[Saved data entries]

┏━━

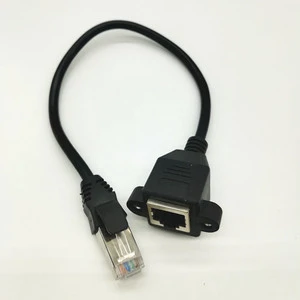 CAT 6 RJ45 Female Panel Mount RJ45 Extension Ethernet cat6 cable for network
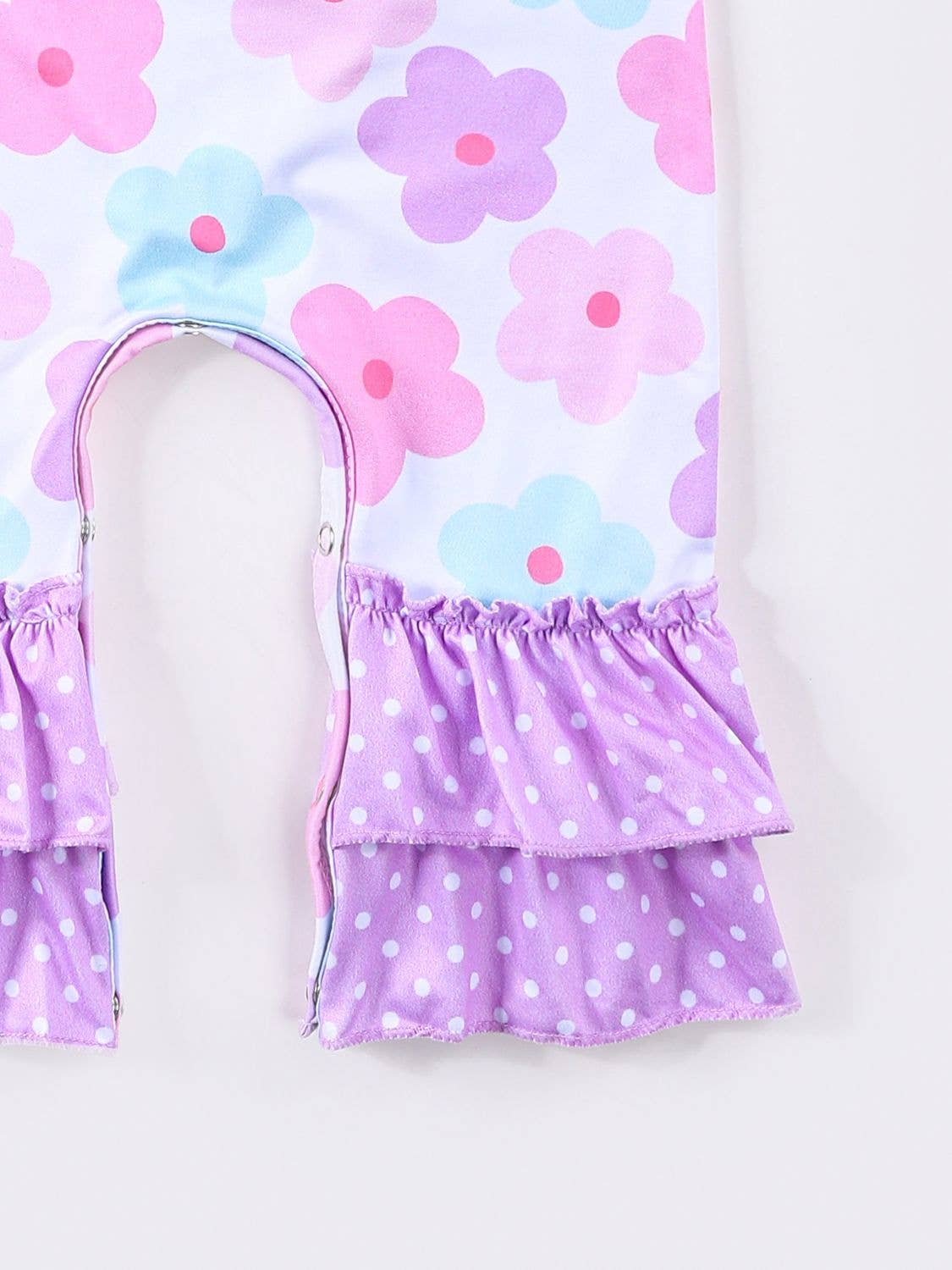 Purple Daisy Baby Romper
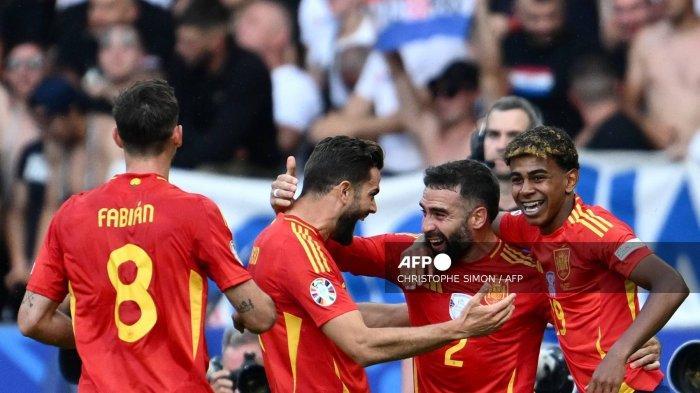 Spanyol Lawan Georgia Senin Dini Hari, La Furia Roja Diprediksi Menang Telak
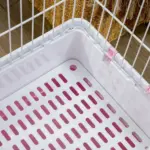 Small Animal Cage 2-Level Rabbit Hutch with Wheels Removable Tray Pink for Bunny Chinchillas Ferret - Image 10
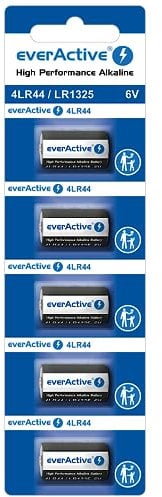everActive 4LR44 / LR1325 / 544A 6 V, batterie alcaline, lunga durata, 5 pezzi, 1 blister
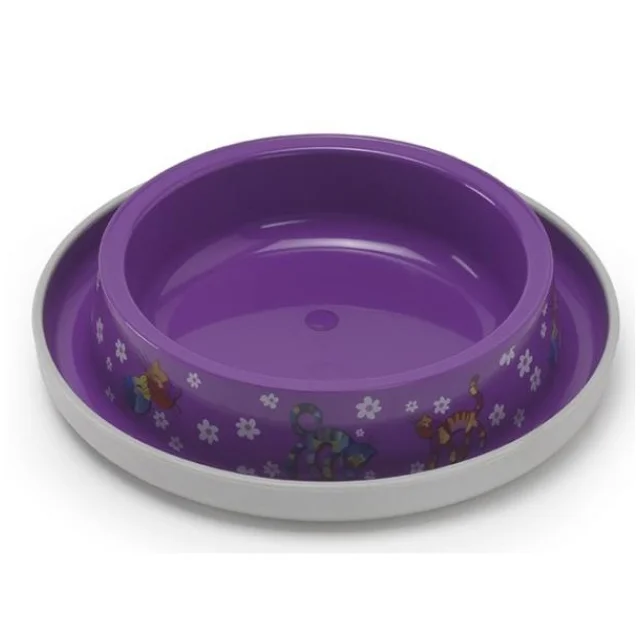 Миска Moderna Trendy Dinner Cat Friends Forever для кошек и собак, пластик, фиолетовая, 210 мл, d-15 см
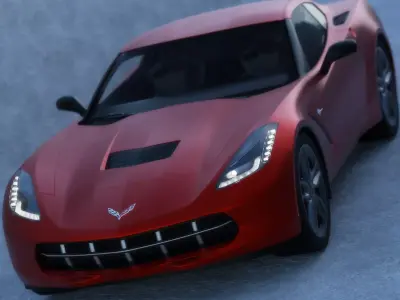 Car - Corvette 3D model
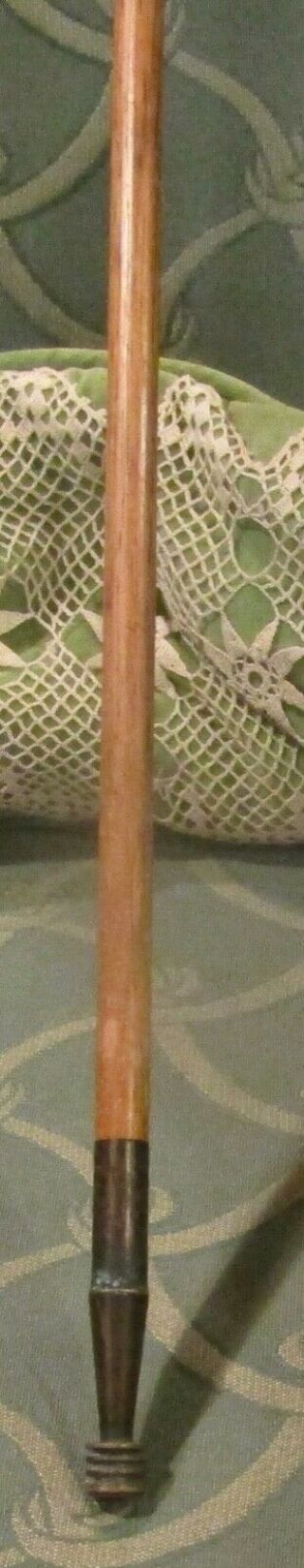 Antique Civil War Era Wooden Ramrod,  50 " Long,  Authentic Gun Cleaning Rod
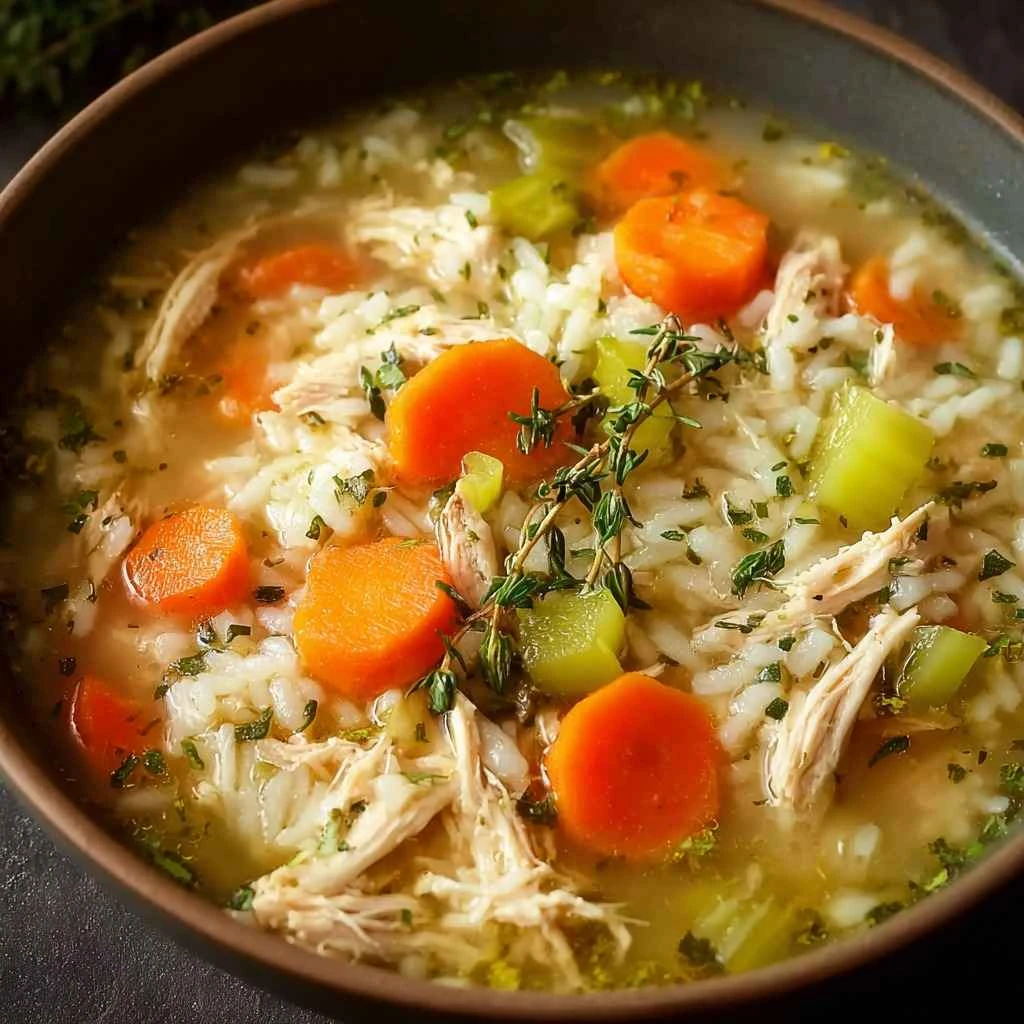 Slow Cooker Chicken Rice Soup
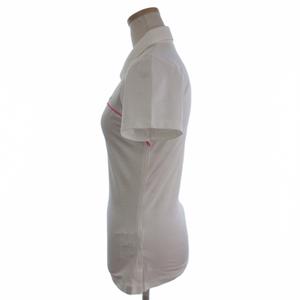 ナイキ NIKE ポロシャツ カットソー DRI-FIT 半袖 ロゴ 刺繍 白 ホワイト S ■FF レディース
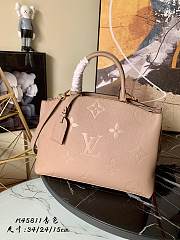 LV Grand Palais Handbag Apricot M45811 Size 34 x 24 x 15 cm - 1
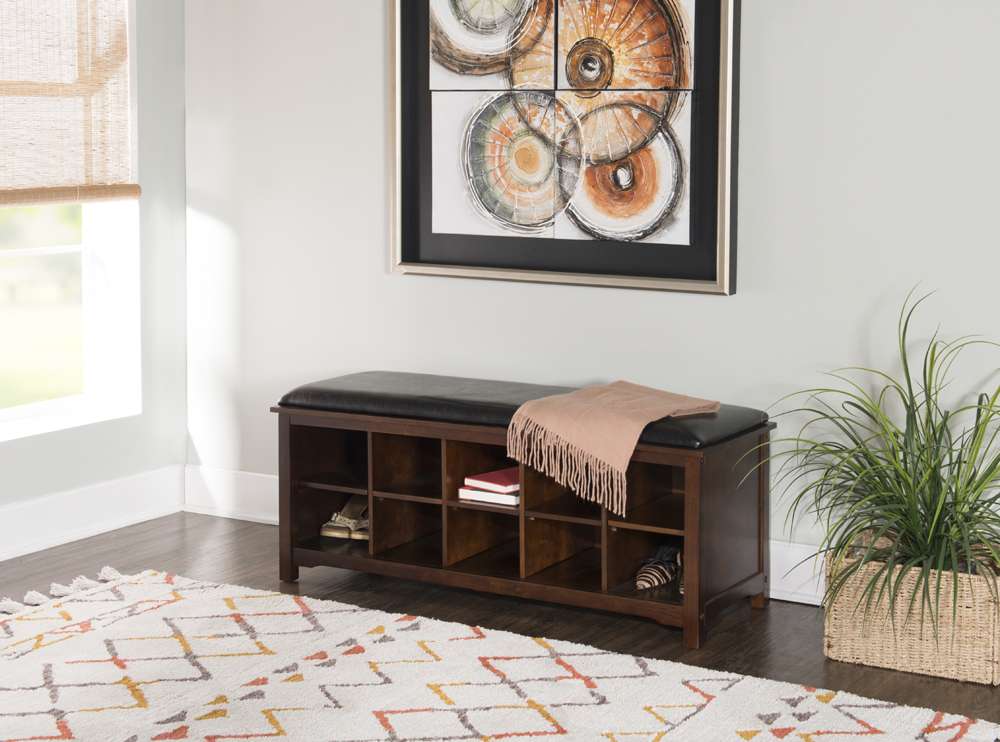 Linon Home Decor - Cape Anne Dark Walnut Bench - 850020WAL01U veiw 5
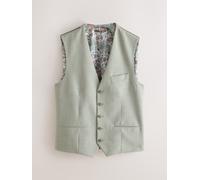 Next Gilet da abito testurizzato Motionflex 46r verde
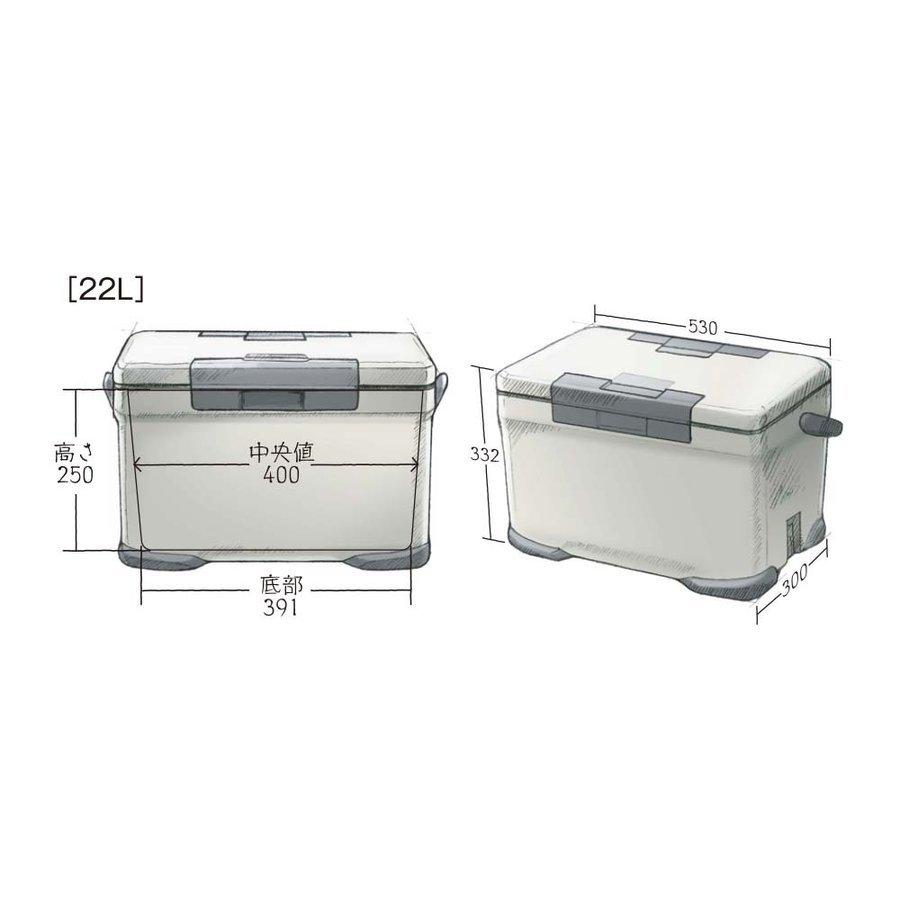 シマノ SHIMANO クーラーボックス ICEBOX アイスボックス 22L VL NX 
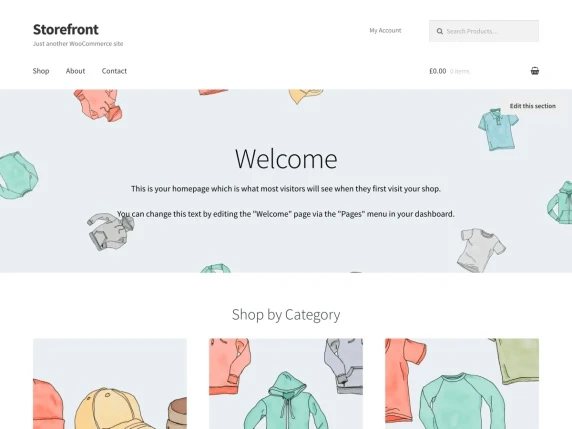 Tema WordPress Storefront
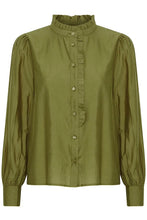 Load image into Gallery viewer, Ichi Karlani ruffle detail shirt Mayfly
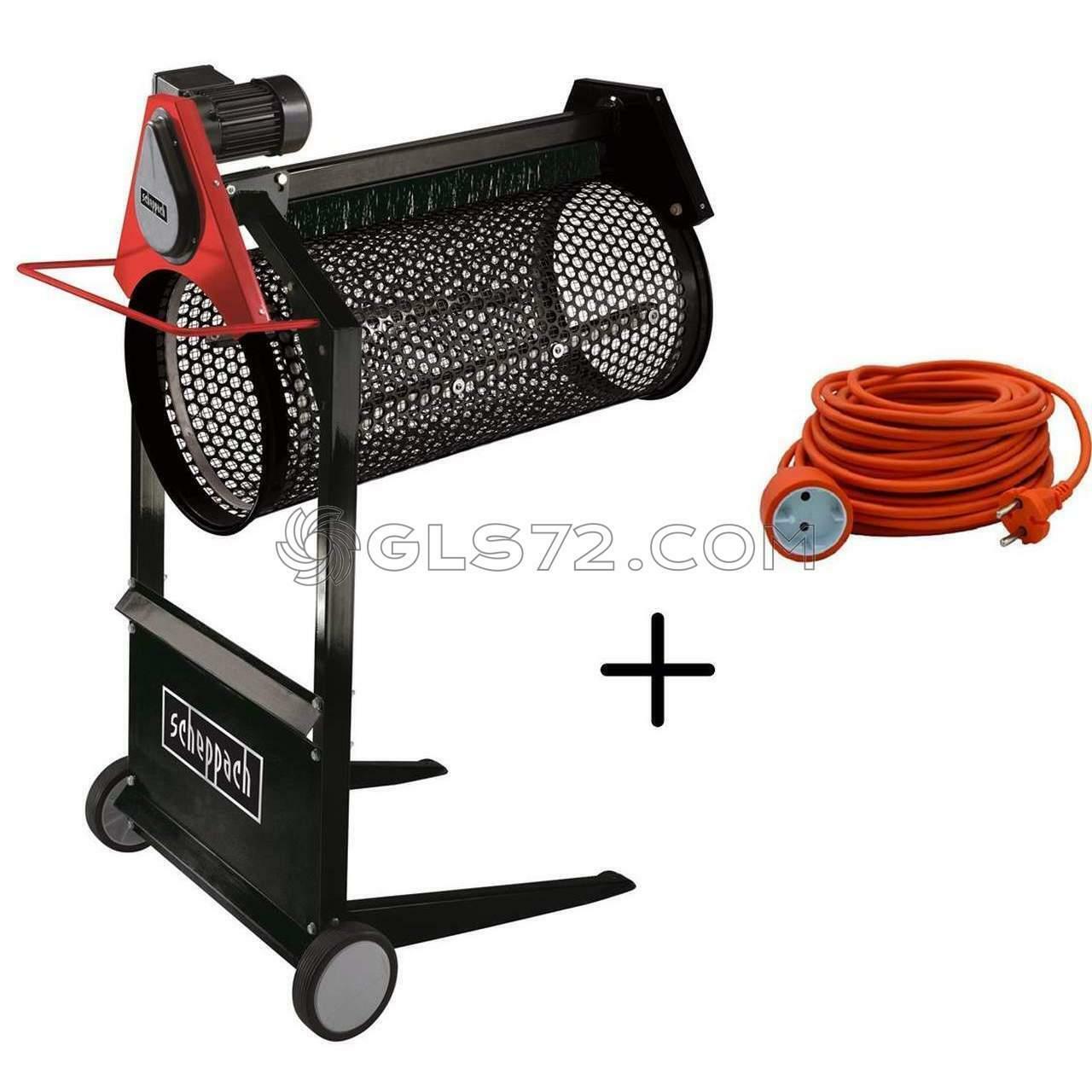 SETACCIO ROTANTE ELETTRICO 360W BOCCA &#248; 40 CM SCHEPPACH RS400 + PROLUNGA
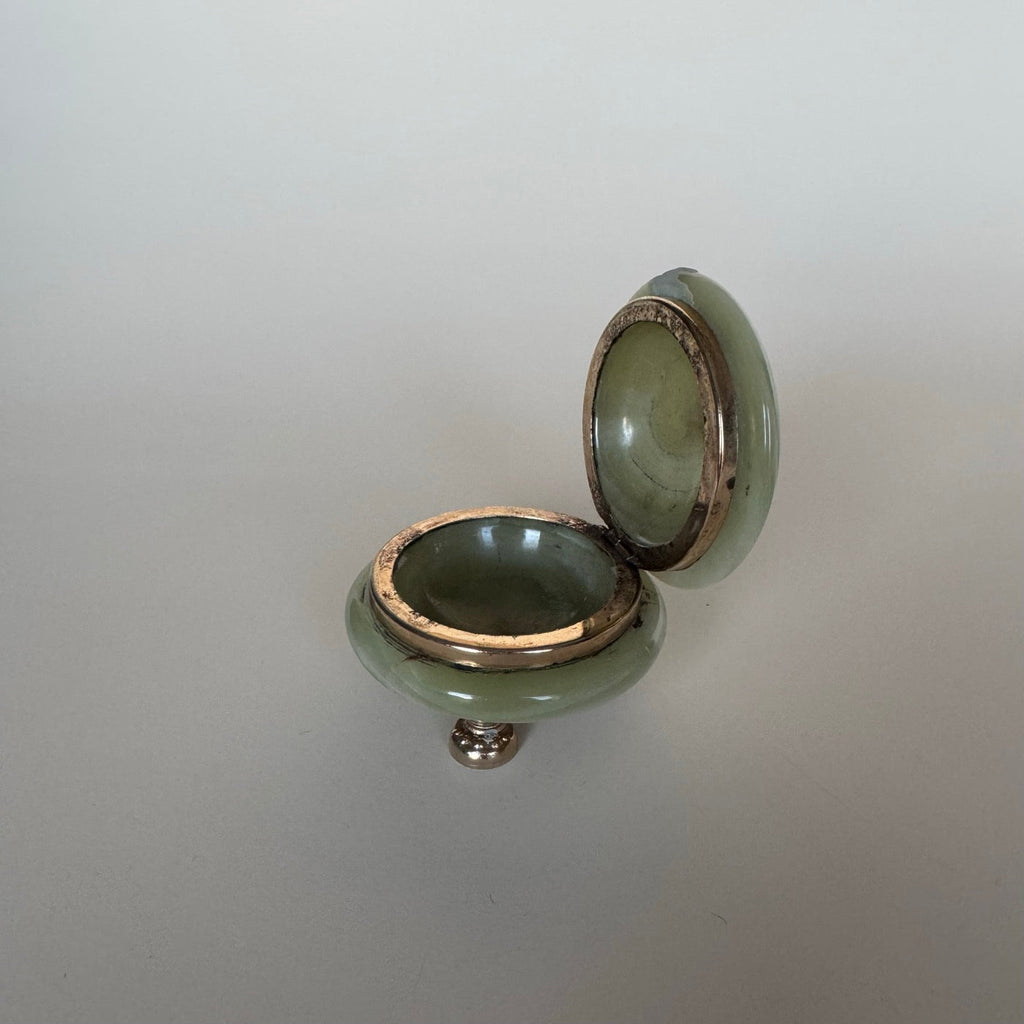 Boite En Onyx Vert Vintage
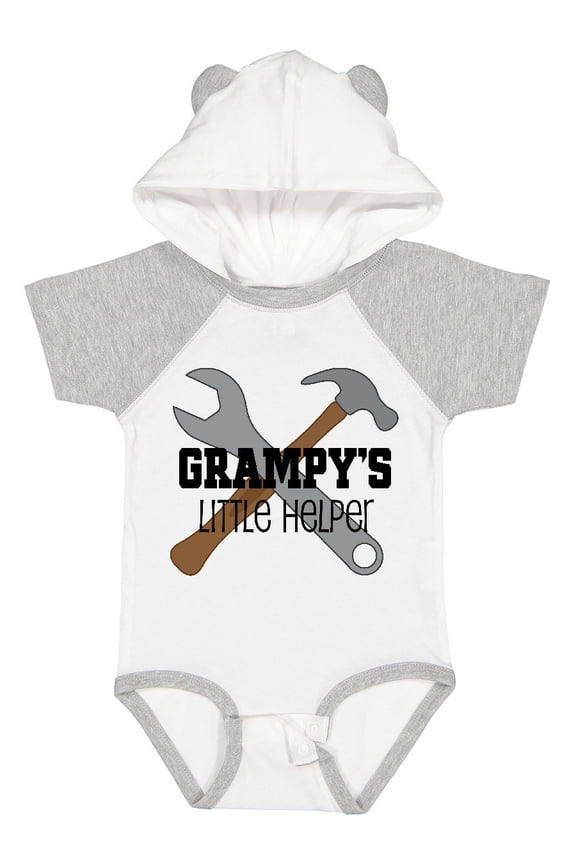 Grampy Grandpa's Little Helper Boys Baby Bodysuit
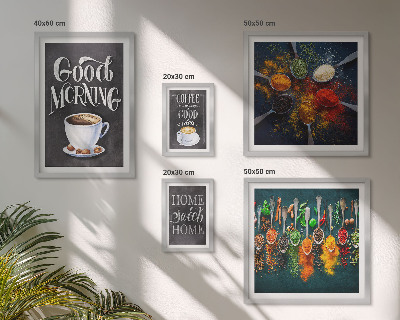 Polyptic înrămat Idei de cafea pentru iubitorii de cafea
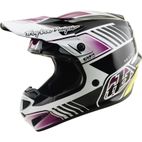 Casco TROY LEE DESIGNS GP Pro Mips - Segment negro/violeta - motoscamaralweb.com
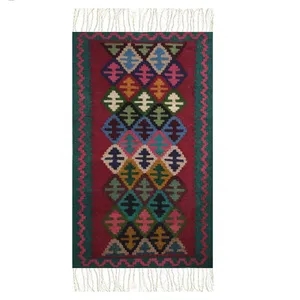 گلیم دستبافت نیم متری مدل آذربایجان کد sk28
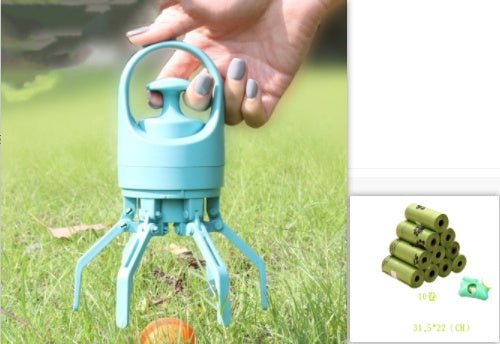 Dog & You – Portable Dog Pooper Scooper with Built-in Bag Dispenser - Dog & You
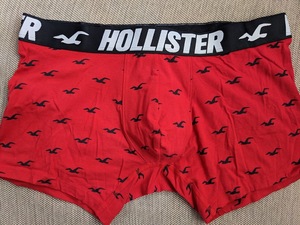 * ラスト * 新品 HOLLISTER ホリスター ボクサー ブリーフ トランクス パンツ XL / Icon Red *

┗━━

▶ **ABOUT THIS TASK**
Would you reproduce the records exactly as they stand, but without the pictures?

▶ **RESPONSE AREA**
 CAT 6 RJ45 Female Panel Mount RJ45 Extension Ethernet cat6 cable for network
 Purple Daisy Baby Romper
 Spanyol Lawan Georgia Senin Dini Hari, La Furia Roja Diprediksi Menang Telak
 Small Animal Cage 2-Level Rabbit Hutch with Wheels Removable Tray Pink for Bunny Chinchillas Ferret - Image 10
everActive 4LR44 / LR1325 / 544A 6 V, batterie alcaline, lunga durata, 5 pezzi, 1 blister
 Миска Moderna Trendy Dinner Cat Friends Forever для кошек и собак, пластик, фиолетовая, 210 мл, d-15 см
 Car - Corvette 3D model
 Antique Civil War Era Wooden Ramrod,  50 " Long,  Authentic Gun Cleaning Rod
 Slow Cooker Chicken Rice Soup
 ナイキ NIKE ポロシャツ カットソー DRI-FIT 半袖 ロゴ 刺繍 白 ホワイト S ■FF レディース
 LV Grand Palais Handbag Apricot M45811 Size 34 x 24 x 15 cm - 1
 Linon Home Decor - Cape Anne Dark Walnut Bench - 850020WAL01U veiw 5
 Next Gilet da abito testurizzato Motionflex 46r verde
 シマノ SHIMANO クーラーボックス ICEBOX アイスボックス 22L VL NX 
 Tema WordPress Storefront
 Load image into Gallery viewer, Ichi Karlani ruffle detail shirt Mayfly
 SETACCIO ROTANTE ELETTRICO 360W BOCCA &#248; 40 CM SCHEPPACH RS400 + PROLUNGA
 Boite En Onyx Vert Vintage
 Grampy Grandpa's Little Helper Boys Baby Bodysuit
 Polyptic înrămat Idei de cafea pentru iubitorii de cafea
 Casco TROY LEE DESIGNS GP Pro Mips - Segment negro/violeta - motoscamaralweb.com
 گلیم دستبافت نیم متری مدل آذربایجان کد sk28
 Dog & You – Portable Dog Pooper Scooper with Built-in Bag Dispenser - Dog & You
 * ラスト * 新品 HOLLISTER ホリスター ボクサー ブリーフ トランクス パンツ XL / Icon Red *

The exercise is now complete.